» **WORK ORDER**:
Please look for the string "White" below and report every line in which it occurs.

» **EXERCISE INPUT**:
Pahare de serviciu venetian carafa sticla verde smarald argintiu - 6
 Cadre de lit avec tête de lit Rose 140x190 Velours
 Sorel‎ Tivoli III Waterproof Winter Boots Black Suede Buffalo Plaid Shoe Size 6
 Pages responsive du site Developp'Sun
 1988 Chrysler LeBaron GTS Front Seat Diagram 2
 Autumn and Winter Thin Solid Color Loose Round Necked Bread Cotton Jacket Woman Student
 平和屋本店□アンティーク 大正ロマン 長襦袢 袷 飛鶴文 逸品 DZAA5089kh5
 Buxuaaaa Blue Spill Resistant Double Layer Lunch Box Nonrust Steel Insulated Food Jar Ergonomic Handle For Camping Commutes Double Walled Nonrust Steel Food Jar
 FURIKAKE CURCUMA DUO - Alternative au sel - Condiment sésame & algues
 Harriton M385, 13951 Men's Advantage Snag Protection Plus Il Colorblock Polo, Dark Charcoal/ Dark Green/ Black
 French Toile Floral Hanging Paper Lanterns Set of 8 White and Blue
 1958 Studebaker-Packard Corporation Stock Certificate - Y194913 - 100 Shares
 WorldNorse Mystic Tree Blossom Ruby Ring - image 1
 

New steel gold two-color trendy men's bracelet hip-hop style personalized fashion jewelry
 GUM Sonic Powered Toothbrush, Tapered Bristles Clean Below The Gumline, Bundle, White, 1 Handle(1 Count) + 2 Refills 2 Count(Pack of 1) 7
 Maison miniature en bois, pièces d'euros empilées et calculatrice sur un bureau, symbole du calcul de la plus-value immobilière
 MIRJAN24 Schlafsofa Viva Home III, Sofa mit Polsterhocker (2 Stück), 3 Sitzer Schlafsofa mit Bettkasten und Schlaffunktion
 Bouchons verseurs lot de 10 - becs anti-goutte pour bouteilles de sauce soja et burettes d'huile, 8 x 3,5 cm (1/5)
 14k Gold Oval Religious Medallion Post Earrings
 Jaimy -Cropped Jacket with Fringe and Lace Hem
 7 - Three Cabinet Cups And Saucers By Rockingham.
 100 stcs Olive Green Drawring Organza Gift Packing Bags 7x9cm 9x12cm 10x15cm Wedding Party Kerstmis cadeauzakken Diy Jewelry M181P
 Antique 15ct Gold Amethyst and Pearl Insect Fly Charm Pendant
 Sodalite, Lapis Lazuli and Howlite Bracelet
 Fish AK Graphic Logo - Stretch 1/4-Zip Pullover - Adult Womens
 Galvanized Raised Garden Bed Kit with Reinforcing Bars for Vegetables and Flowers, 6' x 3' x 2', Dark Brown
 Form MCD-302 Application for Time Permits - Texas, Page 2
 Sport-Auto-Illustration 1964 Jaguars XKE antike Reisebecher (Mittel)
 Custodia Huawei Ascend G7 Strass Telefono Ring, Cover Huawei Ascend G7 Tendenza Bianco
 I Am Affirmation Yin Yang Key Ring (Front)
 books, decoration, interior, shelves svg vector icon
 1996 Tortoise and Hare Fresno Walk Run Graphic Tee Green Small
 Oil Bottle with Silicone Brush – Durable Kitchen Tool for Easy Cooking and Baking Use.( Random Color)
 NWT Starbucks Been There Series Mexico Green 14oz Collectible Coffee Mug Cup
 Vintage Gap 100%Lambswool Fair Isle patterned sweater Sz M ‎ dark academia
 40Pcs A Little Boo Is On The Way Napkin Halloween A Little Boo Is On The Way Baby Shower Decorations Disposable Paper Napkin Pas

» **ANSWER BOX**:
 French Toile Floral Hanging Paper Lanterns Set of 8 White and Blue
 GUM Sonic Powered Toothbrush, Tapered Bristles Clean Below The Gumline, Bundle, White, 1 Handle(1 Count) + 2 Refills 2 Count(Pack of 1) 7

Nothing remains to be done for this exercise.